THE WEST COAST: SAN PEDRO
“Everything loose eventually drifts
down to the sea,”
Louis wrote, “and eventually so did I.”
Upon his arrival in Los Angeles Louis caught the Pacific Electric “Red Car” from the downtown area to San Pedro. The port has never had the romance of New York or San Francisco, probably because it was never deeply tied to the history of Los Angeles as a city. However, San Pedro and its associated ports of Wilmington and Long Beach were major sea ports nonetheless and had all of the rough and tumble attributes of commercial harbors world wide.
"Arriving at San Pedro I registered at the Marine Service Bureau for a ship, discovering it might be as much as
three months before my number came up. At that time the west coast ships were unionized but east coast ships were
not and conditions aboard were drastically different. On the west coast the food was better, the fo'c'stles
cleaner, conditions generally much better. As a result many seaman wanted to ship off the west coast and at the
time I arrived it was said there were seven hundred seaman 'on the beach' in San Pedro.”
The Marine Service Bureau, a hiring hall run by the shipping companies (derogatorily named “Fink Hall” or “The
Slave Market” by union men), kept a running tally of arriving ships and whatever crew personnel they might need.
It was a first come first served operation, however, and unless you checked in regularly you could miss your
chance.
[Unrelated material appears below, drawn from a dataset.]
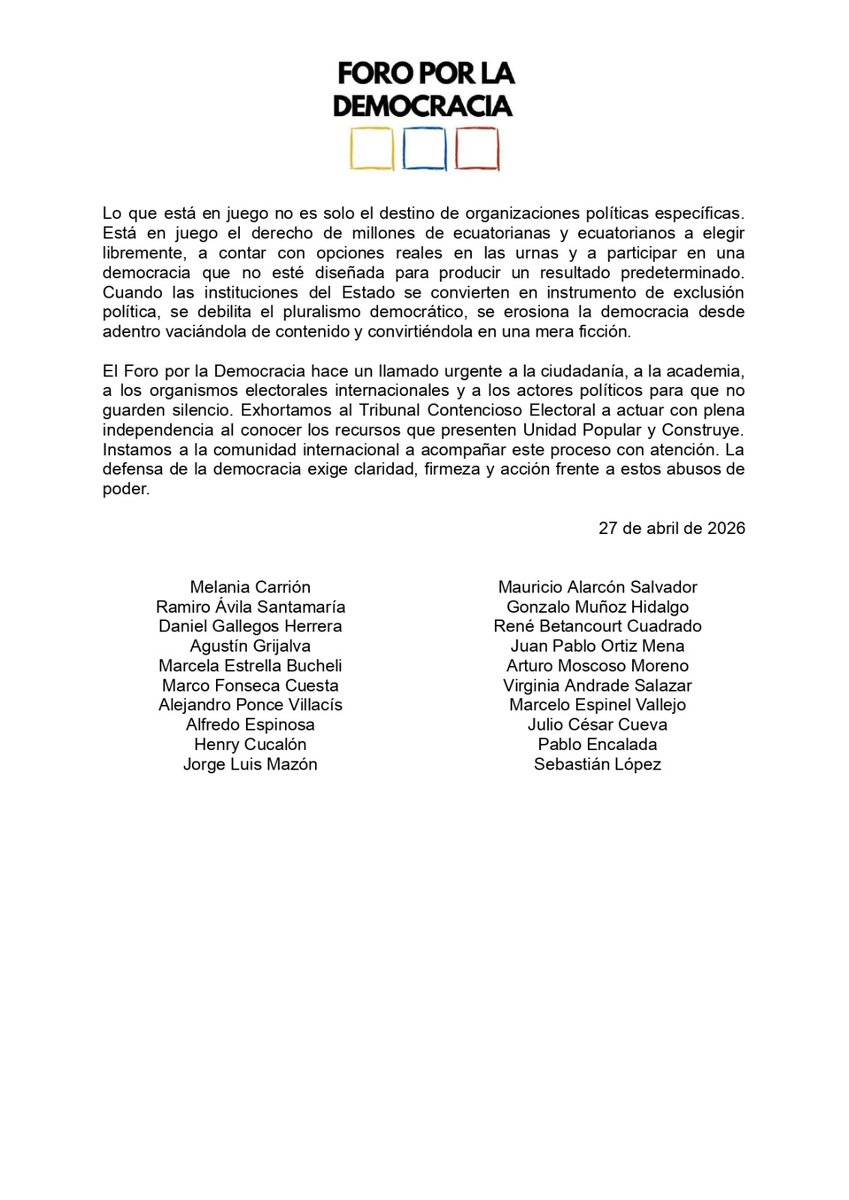 dan_gahe's tweet photo. El Foro por la Democracia, sobre los últimos acontecimientos en el ámbito electoral: https://t.co/oSUjMp2Kgf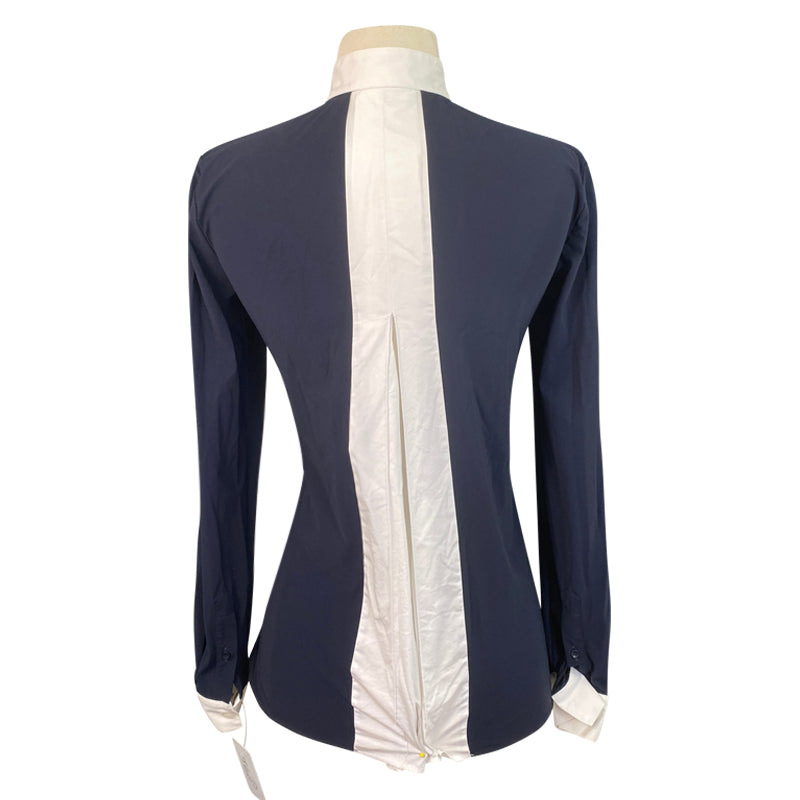 Back of Cavalleria Toscana 'Pleated' Competition Polo in Dark Navy/White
The story of “Survival” begins at the Marine Service Bureau and continues in the offices of the Maritime
Commissioner. “Survival” is partly drawn from the story of an actual event that was still making the rounds when
Louis was in San Pedro.
“My first dollar was earned helping a man unload a truck. A week later I picked up two days of rough-painting
in the shipyards, and that job got me into a couple of days bucking rivets. What money I earned was necessary for
eating purposes, and I slept in empty box-cars, piles of lumber, anywhere out of the rain and wind.
"Today a collection of shops and restaurant in San Pedro is known as Ports o' Call, and it occupies the site of
the old E.K. Wood Lumber Dock where lumber schooners from Aberdeen, Coos Bay and other points on the northwest
coast used to discharge their cargoes of raw lumber for the building of Los Angeles.
There were several slips and
each one was usually occupied by such a vessel. They were old and battered, built only for the carrying of lumber.
Their crews were usually Swedes or Norwegians, big, husky men who worked cargo as well as working as seamen. The
discharged lumber was usually piled on the dock awaiting shipment by train, and the rails ran right up to the dock.
Perhaps they ran out on the docks, I do not clearly remember. What was important to me was that often in piling
great stacks of planks there would be spaces left like caves where a man could crawl in out of the rain. If he was
thoughtful enough to provide himself with a newspaper he could wrap around his body under his coat, he might sleep
there out of the rain and in reasonable comfort. I use the last term in a relative sense. What is comfort to some
is cruel hardship to others."
The lumber schooners were also a light touch when it came to feeding out of work sailors. Many times Louis and
others were fed from the galleys of these ships, sometimes with a token bit of work having been done, sometimes
purely out of charity.
"It was a rough time on the waterfront. The Pacific fleet was located at ‘Pedro then and the town swarmed with
sailors ashore, most of whom went on to Los Angeles on the big red cars of the Pacific Electric. Under a trestle
of the P.E. the longshoremen had a crap game going almost continually. . . . [R]ough and tumble fights were
common. Dead Man's Island, which still marked the entrance to the ship channel, in those days caught the drifting
body of more than one loser. However, that was not the reason for its name."
US Battleships at rest in San Pedro Bay |
Dead Man's Island San Pedro |
“The focal point of the town as far as I was concerned was the Fifth Street Landing. Several battle wagons were
anchored outside the harbor and the shore boats used to come in there.”
The Pacific Fleet sailing for Panama is mentioned in “Show Me the Way to Go Home,” though it doesn't seem Louis ever shipped out in a conventional manner from "‘Pedro" and therefore his comments about his “ship leaving in the morning” are just part of the story. The P.E. trestle (The Pacific Electric Company ran a interurban light rail network around southern California until 1960 or so) and the ongoing card game both figure in “And Proudly Die.”
The restored Red Car is parked in front of the 5th Street Landing Ferry Building.
The rear view shows the ferry dock.
The ferry building at the Fifth Street Landing, which appears in the story is now The San Pedro Maritime Museum and, although Snipe, the character in Louis’s story does not wash up on Dead Man’s Island, the port did see numerous unknown bodies turn up on its mud flats and amongst its pilings over the years.